Al riguardo, occorre ribadire che la chiara distinzione tra costi c.d. up front e recurring risponde, anzitutto, ad una esigenza di trasparenza delle disposizioni negoziali prescritta dalla normativa di riferimento (Disposizioni di Vigilanza del 29 luglio 2009 e s.m.i. – Trasparenza delle operazioni e dei servizi bancari e finanziari. Correttezza delle relazioni
tra intermediario e clienti) e, prima ancora, alla necessità che le prestazioni oggetto del contratto e il relativo titolo siano determinati o determinabili (art. 1346 c.c.). Se le parti sono certamente libere di stabilire la misura del corrispettivo per le prestazioni rese (nonché la ripartizione e distribuzione del corrispettivo pattuito fra le diverse attività prestate) senza la possibilità di alcun sindacato ab externo da parte del giudice, esse hanno, tuttavia, l’onere di stabilire ex ante l’oggetto del contratto – e, quindi, le rispettive prestazioni e obbligazioni – e, segnatamente per quanto qui più rileva, l’esatta corrispondenza tra prestazione pecuniaria e controprestazione bancaria: il nesso tra prestazione pecuniaria e controprestazione bancaria assume, di fatti, rilevanza causale, sicché ogni attribuzione pecuniaria (interessi e costi del finanziamento) trova causa nella corrispondente controprestazione bancaria, ossia nel servizio (complessivamente) reso dall’intermediario. Così come avviene per gli interessi corrispettivi, i costi del finanziamento – sia quelli addebitati per la conclusione del contratto (up front), sia quelli dovuti alla successiva esecuzione del contratto (recurring) – devono essere esattamente indicati al momento della conclusione del contratto (art. 1346 c.c.).

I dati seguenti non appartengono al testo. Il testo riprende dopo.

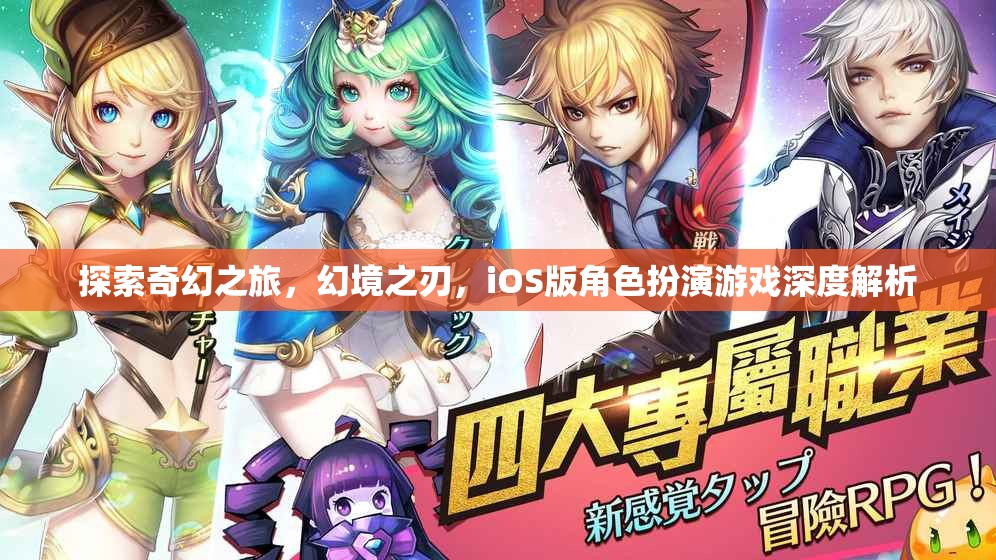 幻境之刃，iOS版角色扮演游戲的奇幻之旅深度解析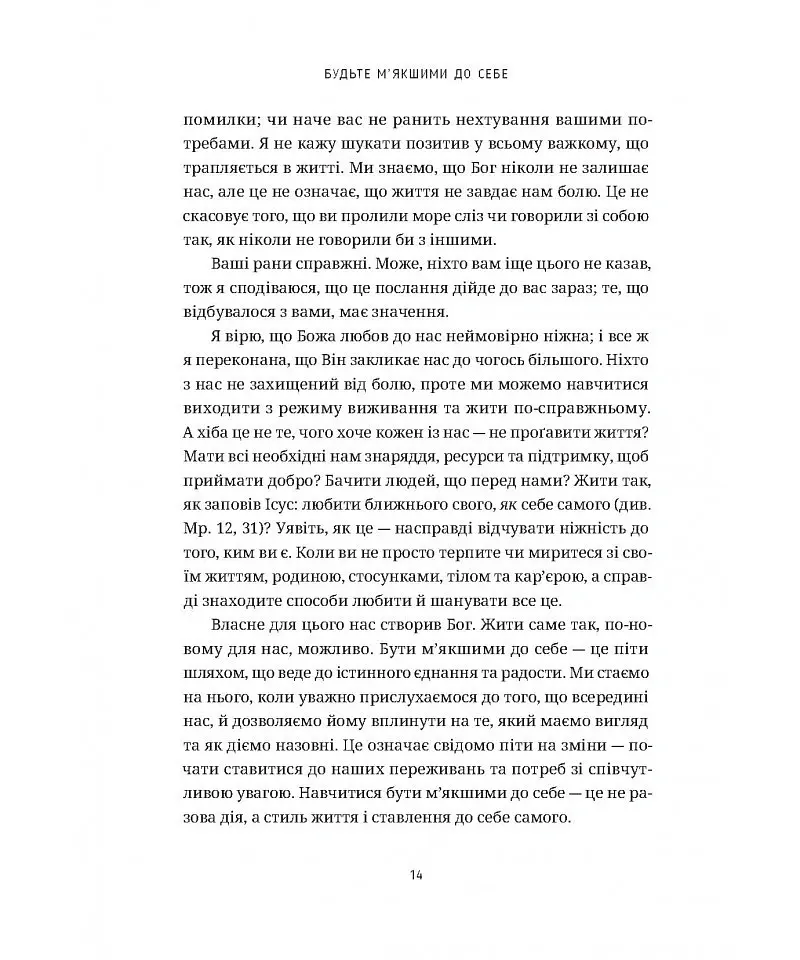 Будьте м’якшими до себе. Як вийти з режиму виживання, позбутися стресу і тривоги та віднайти радість життя - Аунді Кольбер - фото 9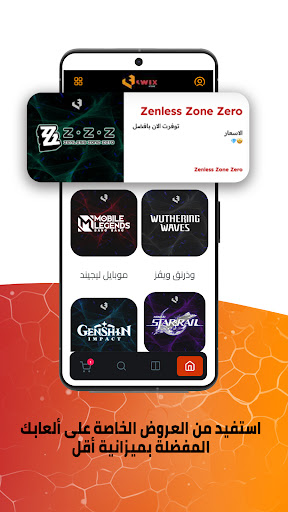 Twix store screenshot 2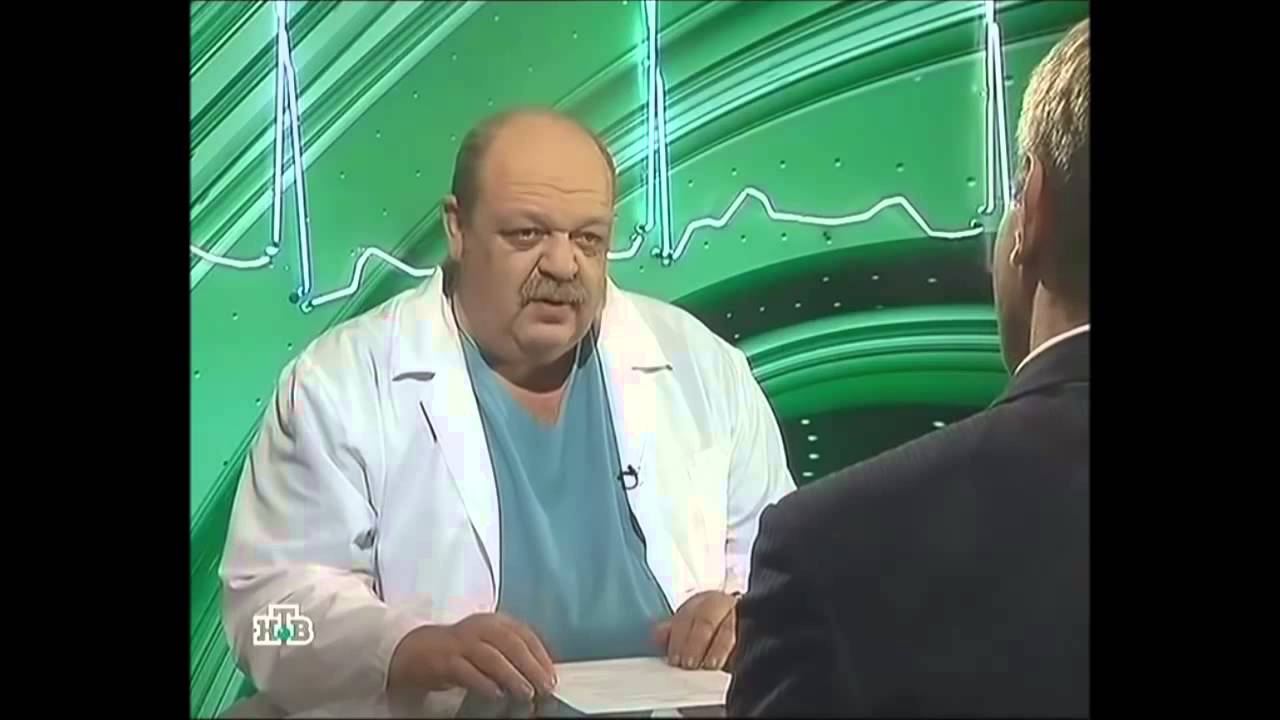 Профилактика гриппа и ОРВИ Как быстро вылечить грипп Симптомы и лечение ...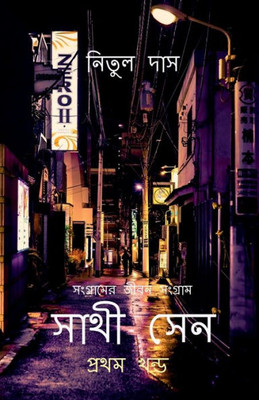 Sathi Sen / সাথী সেন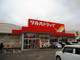 ツルハドラッグ 秋田川尻店の画像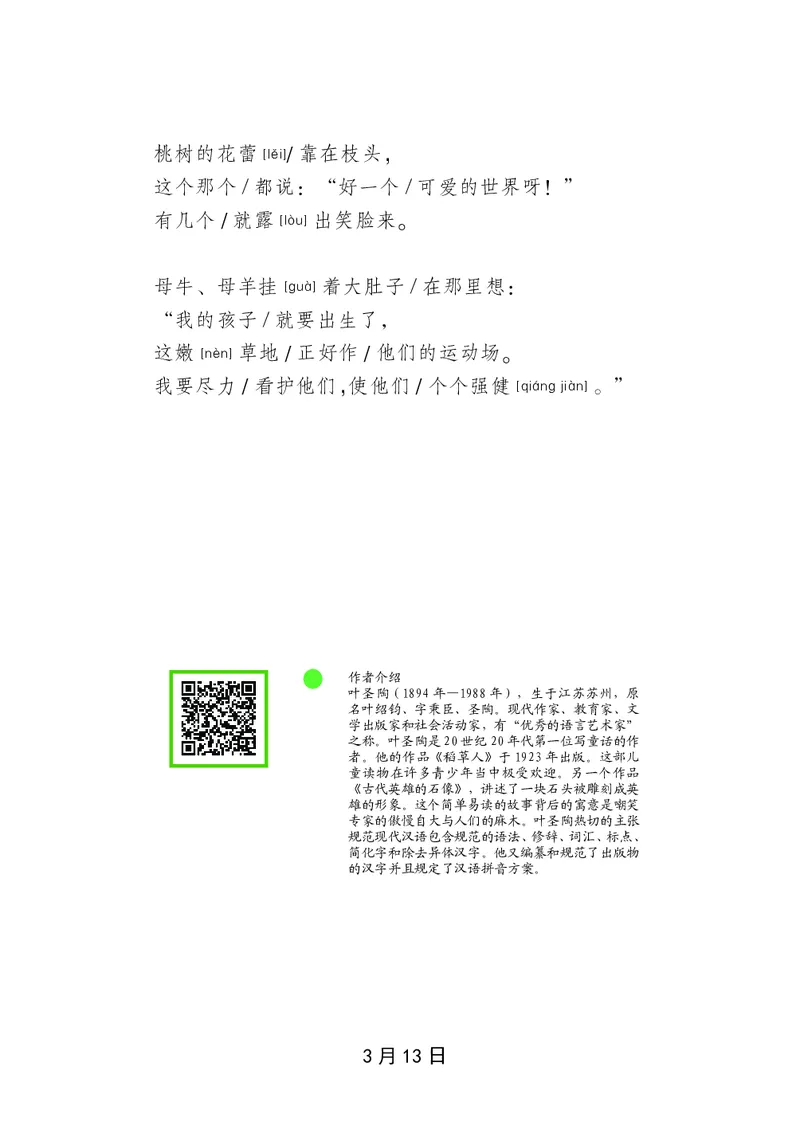 朗读当季美文最终彩图版-春_一年级上下册资料_小学一年级学习资料-25年更新版_1-00、幼小衔接_幼小衔接每日晨读篇_1-5年级晨读读物_四季美文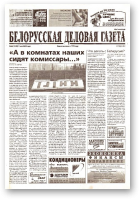 Белорусская деловая газета, 66 (1155) 2002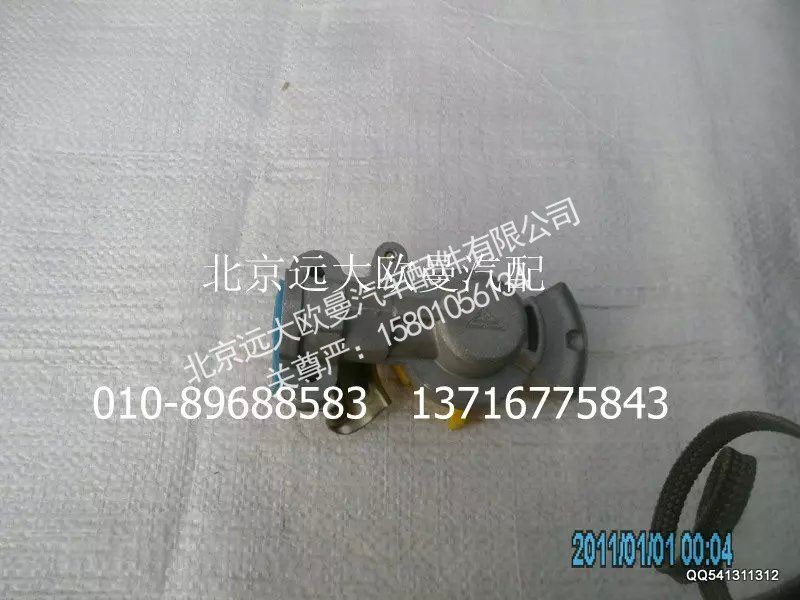 1417035600105,制动管路挂车接头,北京远大欧曼汽车配件有限公司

Come già evidenziato da questo Collegio (decisione n. 6167/2014), le disposizioni di vigilanza in materia di trasparenza chiariscono, in particolare, che «Nei contratti di credito con cessione del quinto dello stipendio o della pensione e nelle fattispecie assimilate, le modalità di calcolo della riduzione del costo totale del credito a cui il consumatore ha diritto in caso di estinzione includono l’indicazione degli oneri che maturano nel corso del rapporto e che devono quindi essere restituiti per la parte non maturata, dal finanziatore o da terzi, al consumatore se questi li ha corrisposti anticipatamente al finanziatore» (sez. VII, § 5.2.1, nota 1). La trasparenza richiesta per l’indicazione delle commissioni finanziarie e accessorie e per la definizione della corrispondente natura (up front o recurring) non si limita, tuttavia, semplicemente alla sola individuazione dell’importo riconosciuto al cliente in sede di estinzione anticipata ai sensi dell’art. 125-sexies TUB. E’, infatti, agevole osservare che se la finalità perseguita dal legislatore fosse unicamente quella di chiarire ex ante l’importo oggetto di eventuale rimborso in favore del cliente, dovrebbero ritenersi, per coerenza, valide ed efficaci anche quelle previsioni contrattuali che – con altrettanta chiarezza e trasparenza – stabiliscono che in caso di estinzione anticipata nulla è dovuto al cliente. Clausole il cui contrasto con il dettato dell’art. 125- sexies TUB è pacifico – come più volte ribadito dai Collegi – e che non può certamente essere messo nuovamente in discussione in questa sede.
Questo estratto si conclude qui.